The change by Amazon follows on to a related move the company made last year when it ended the practice of domain fronting on CloudFront. Domain fronting is a technique that some app developers and domain owners use in order to hide the true hostname from anyone observing network traffic. Developers typically use CDNs for domain fronting, and the technique is often used to evade censorship in countries with repressive regimes where network-level surveillance is commonplace.

"CloudFront will now simply require that a certificate be attached to that distribution when adding an alternate domain name to the distribution."

But domain fronting wasn’t a technique that Amazon supported, so it changed the CloudFront settings in April 2018 to prevent it. Google made the same change on its AppEngine last spring, a decision that digital rights activists and some lawmakers criticized, saying it would place people in some countries in danger.

“Regrettably, your recent decision to ban the practice of domain fronting will prevent millions of people in some of the most repressive environments including China, Iran, Russia and Egypt from accessing a free and open internet,” a letter sent last July to Amazon CEO Jeff Bezos from Sens. Ron Wyden and Marco Rubio says.

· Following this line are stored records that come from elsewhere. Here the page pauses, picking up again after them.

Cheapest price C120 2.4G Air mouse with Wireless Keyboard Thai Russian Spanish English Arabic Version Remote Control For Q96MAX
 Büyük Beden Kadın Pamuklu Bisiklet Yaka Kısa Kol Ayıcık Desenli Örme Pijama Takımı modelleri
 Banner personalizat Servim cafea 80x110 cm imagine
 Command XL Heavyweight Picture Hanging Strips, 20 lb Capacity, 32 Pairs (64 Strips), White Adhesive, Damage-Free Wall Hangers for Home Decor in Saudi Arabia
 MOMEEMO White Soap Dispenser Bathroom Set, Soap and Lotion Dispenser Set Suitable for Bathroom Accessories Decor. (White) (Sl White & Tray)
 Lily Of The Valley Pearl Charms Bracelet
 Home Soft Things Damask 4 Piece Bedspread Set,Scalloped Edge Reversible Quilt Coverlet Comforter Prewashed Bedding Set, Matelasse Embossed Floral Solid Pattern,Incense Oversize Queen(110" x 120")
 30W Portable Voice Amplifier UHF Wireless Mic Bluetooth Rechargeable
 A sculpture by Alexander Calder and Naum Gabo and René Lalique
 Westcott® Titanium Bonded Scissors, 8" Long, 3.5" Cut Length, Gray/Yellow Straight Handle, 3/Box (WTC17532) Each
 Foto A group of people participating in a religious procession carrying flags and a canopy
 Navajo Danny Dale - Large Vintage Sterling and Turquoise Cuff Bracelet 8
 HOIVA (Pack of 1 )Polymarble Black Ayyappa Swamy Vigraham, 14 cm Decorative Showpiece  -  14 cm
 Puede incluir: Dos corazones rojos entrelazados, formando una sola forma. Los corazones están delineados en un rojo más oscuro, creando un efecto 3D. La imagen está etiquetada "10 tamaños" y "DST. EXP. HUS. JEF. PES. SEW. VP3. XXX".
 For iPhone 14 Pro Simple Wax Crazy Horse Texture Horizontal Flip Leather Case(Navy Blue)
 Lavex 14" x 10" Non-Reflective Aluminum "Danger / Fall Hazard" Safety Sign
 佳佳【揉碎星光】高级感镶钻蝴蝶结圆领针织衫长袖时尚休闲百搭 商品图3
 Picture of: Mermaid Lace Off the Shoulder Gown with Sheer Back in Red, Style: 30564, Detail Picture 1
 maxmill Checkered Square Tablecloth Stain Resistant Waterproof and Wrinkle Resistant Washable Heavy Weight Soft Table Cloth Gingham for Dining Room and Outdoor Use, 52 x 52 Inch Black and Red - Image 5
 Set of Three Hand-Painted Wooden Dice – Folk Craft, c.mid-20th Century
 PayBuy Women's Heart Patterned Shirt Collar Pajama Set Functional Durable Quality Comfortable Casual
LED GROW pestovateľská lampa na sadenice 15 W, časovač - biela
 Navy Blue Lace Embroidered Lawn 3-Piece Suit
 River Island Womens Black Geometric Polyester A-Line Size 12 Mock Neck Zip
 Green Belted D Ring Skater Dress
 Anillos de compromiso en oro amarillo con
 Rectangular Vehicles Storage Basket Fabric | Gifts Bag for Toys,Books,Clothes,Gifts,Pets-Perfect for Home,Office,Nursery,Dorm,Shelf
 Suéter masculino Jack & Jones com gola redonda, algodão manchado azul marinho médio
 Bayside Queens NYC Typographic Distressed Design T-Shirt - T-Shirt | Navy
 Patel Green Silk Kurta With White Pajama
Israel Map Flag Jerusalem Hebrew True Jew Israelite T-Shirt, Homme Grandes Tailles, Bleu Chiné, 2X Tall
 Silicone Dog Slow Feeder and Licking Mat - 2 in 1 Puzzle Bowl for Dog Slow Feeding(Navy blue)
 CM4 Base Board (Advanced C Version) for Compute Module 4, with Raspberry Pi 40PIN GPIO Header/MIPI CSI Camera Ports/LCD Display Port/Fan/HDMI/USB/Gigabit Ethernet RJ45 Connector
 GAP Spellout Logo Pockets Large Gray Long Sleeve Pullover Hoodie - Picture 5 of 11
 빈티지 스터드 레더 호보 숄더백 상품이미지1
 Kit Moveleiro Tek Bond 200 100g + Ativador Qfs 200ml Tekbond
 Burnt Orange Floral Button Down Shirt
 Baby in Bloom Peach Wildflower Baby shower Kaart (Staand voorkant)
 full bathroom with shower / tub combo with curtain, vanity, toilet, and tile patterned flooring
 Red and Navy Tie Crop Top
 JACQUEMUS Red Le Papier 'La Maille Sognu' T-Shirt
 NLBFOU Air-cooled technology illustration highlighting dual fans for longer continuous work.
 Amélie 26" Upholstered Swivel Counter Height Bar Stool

“Governments with anti-democratic agendas may put significant pressures on technology companies to help enable their censorship and surveillance of the internet. American technology companies, which have flourished in our free and open society, must join the effort to resist such pressure. While this may seem like a reasonable business decision in the short term, it will ultimately do far more harm to your companies and the network of which you have been a core part.”

Domain fronting has remained off the table on these networks, but Arrington said the problem has been a bigger challenge than Amazon anticipated.

“The challenge came in the form of automatically distinguishing between legitimate and abusive uses of domain fronting, and doing so at the massive scale at which CloudFront operates with its global network and large customer base. Additionally, we knew we had to accomplish this without impacting the end viewer experience with increased latency,” Arrington said.

“Just a short while ago, CloudFront deployed its new code change for handling domain fronted requests. This new code ensures that the AWS account that owns the SSL/TLS certificate which established the secured connection via a SSL handshake is the same AWS account as the subsequent requests made over the secured HTTP protocol. If the two AWS accounts do not match, CloudFront will respond with a ‘421 Misdirected Request’ response to give the client a chance to connect using the correct domain. We believe that this will provide the flexibility that customers need to continue using this technique for legitimate use cases while also providing enhanced protection knowing that their domain cannot be touched by an unrelated AWS account.”